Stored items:

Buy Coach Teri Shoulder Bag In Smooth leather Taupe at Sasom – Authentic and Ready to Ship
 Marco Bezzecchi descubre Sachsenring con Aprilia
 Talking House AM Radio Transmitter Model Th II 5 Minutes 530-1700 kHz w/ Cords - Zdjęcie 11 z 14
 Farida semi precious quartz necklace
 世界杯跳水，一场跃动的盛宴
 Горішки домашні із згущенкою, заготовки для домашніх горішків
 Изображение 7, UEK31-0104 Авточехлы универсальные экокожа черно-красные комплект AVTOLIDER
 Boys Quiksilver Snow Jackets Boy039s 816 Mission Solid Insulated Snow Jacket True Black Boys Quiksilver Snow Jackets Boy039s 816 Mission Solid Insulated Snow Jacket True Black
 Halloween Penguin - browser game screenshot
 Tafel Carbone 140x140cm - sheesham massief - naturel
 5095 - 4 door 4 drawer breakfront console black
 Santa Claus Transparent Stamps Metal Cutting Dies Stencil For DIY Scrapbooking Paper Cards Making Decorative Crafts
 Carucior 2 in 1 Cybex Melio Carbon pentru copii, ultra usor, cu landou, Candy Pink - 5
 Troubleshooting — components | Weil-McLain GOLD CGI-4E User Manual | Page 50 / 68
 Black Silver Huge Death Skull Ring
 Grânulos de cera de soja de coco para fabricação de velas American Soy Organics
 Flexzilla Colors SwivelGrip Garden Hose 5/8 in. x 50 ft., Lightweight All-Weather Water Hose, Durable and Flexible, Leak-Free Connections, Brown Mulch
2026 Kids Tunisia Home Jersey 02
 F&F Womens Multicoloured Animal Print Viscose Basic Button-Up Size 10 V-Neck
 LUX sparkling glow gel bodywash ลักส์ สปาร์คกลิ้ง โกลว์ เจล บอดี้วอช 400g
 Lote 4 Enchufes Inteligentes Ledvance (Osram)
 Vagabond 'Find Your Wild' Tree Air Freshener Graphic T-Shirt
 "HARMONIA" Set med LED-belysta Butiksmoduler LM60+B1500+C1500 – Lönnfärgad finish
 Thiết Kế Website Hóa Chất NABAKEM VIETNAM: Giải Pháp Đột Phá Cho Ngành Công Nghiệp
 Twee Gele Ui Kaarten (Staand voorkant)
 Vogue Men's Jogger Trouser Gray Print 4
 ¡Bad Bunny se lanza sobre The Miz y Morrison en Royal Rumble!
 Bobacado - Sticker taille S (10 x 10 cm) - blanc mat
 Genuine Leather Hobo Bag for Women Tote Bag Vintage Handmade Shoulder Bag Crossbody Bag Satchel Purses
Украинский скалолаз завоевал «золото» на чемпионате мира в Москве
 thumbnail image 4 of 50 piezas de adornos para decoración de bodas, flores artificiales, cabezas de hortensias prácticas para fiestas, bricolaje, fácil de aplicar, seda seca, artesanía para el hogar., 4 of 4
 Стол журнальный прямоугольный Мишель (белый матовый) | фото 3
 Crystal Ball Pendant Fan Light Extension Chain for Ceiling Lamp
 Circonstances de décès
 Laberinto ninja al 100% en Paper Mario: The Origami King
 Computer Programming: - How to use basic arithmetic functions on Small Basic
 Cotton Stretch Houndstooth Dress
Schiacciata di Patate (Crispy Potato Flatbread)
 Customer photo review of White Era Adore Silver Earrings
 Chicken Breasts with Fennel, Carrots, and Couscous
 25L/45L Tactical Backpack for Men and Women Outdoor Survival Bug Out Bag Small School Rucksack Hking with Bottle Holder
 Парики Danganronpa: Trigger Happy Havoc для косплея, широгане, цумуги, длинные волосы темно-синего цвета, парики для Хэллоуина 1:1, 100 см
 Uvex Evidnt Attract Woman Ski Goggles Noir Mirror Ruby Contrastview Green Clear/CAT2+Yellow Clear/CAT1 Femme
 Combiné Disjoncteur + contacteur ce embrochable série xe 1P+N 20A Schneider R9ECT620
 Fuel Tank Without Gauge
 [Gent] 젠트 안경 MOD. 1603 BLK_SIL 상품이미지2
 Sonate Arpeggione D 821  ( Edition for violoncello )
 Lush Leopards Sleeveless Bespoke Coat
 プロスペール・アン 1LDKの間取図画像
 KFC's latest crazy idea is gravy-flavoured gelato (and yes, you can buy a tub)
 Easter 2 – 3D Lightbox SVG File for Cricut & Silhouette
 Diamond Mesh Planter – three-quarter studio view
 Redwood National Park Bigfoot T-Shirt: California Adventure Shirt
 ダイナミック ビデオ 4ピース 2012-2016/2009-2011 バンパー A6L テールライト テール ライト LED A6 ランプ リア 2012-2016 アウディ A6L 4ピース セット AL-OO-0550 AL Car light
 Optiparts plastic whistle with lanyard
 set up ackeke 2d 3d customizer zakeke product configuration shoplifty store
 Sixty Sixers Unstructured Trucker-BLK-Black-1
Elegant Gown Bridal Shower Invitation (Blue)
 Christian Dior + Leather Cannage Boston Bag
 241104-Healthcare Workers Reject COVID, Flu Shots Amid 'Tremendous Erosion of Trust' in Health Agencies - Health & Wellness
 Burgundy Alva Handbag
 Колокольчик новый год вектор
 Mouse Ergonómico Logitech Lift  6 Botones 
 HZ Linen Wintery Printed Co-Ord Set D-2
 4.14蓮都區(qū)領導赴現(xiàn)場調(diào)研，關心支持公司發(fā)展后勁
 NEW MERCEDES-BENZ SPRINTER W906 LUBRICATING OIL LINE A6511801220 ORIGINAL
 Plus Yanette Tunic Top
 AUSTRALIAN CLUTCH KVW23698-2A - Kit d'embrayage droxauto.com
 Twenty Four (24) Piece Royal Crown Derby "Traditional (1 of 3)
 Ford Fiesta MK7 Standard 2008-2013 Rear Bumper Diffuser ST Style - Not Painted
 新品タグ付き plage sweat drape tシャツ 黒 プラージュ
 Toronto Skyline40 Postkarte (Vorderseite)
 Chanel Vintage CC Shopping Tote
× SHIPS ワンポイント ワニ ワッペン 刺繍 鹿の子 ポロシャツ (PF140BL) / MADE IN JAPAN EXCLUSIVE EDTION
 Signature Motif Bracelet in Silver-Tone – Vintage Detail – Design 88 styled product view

> [TASK DESCRIPTION]:
Scan the lines above for the word "Paper" and copy every one where it occurs.

> [SOLVED PROBLEM]:
 Santa Claus Transparent Stamps Metal Cutting Dies Stencil For DIY Scrapbooking Paper Cards Making Decorative Crafts
 Laberinto ninja al 100% en Paper Mario: The Origami King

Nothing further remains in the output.